Pre-CTS Optimisation

During optimisation the tool can add buffers to reduce delays in high capacitance paths. Other optimisations that can take place at this stage include the re-sizing of gates (to increase drive strength or to decrease capacitive load) and the movement of gates to reduce path lengths.

• Run the optimisation command in "Pre-CTS" mode

      optDesign -preCTS
  

  This is the first of three optimisation stages, identified as "Pre-CTS" because it happens before Clock Tree Synthesis.

If all is well, you will see a section marked "optDesign Final Summary" which shows no "Setup mode" "Violating Paths" and no nets with design rule violations (DRVs).

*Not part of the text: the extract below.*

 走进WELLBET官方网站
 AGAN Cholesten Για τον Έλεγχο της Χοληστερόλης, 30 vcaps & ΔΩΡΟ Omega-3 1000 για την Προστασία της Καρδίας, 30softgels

If there are oustanding problems at this stage, seek advice. It may be worthwhile running a further optimisation at this stage in order to improve the design before proceding.

Clock Tree Synthesis

• In the commands below, we specify the operation mode for the clock tree synthesis and create a clock tree specification file in the CONSTRAINTS directory:

      setCTSMode -engine ck
  
      setCTSMode -traceDPinAsLeaf true -traceIOPinAsLeaf true
  
      createClockTreeSpec \
        -bufferList {CLKBU2 CLKBU4 CLKBU6 CLKBU8 CLKBU12 CLKBU15 CLKIN0 CLKIN1 CLKIN2 CLKIN3 CLKIN4 CLKIN6 CLKIN8 CLKIN10 CLKIN12 CLKIN15} \
        -routeClkNet -output CONSTRAINTS/clock.clk
  
  

• Here we use the clock tree specification file to specify the clock tree and then run the synthesis

      specifyClockTree -file CONSTRAINTS/clock.clk
  
      ckSynthesis
  

• Save intermediate design

      saveDesign inc_clock_tree.enc
  

Update Constraints

The original constraints file included instructions to set the clock latency, clock transition and clock uncertainty in order to model the predicted delay through the clock tree and the jitter in the input clock. Now that we have a real clock tree we need to update the constraints to reflect the delays through this tree.

• The first instruction says that we will be modifying both the functional mode and the test mode constraints:

      set_interactive_constraint_modes {func test}
  

• Replace predicted latency and transition with actual values through clock tree:

      set_propagated_clock [all_clocks]
  

• Previously the clock uncertainty was set to 1 ns to reflect a combination of the effect of the clock skew and the jitter in the input clock. Now we will reduce the uncertainty to 0.5 ns to reflect only the jitter in the input clock since the clock skew can be calculated from the differences in delay through the clock tree:

      set_clock_uncertainty -setup 0.5 [get_clocks master_clock]
      set_clock_uncertainty -hold 0.1 [get_clocks master_clock]
  

  This time we split the uncertainty for the setup and hold tests since jitter affects setup calculations but not hold calculations. Having a non-zero value for the clock uncertainty related to hold increases our confidence that the design will work if the skew in the clock tree is miscalculated.

Post-CTS Optimisation

Based on the design including the clock tree and the updated constraints a new round of optimisations is run. At this stage we are interested in particular in hold vioalations caused by problems with clock skew.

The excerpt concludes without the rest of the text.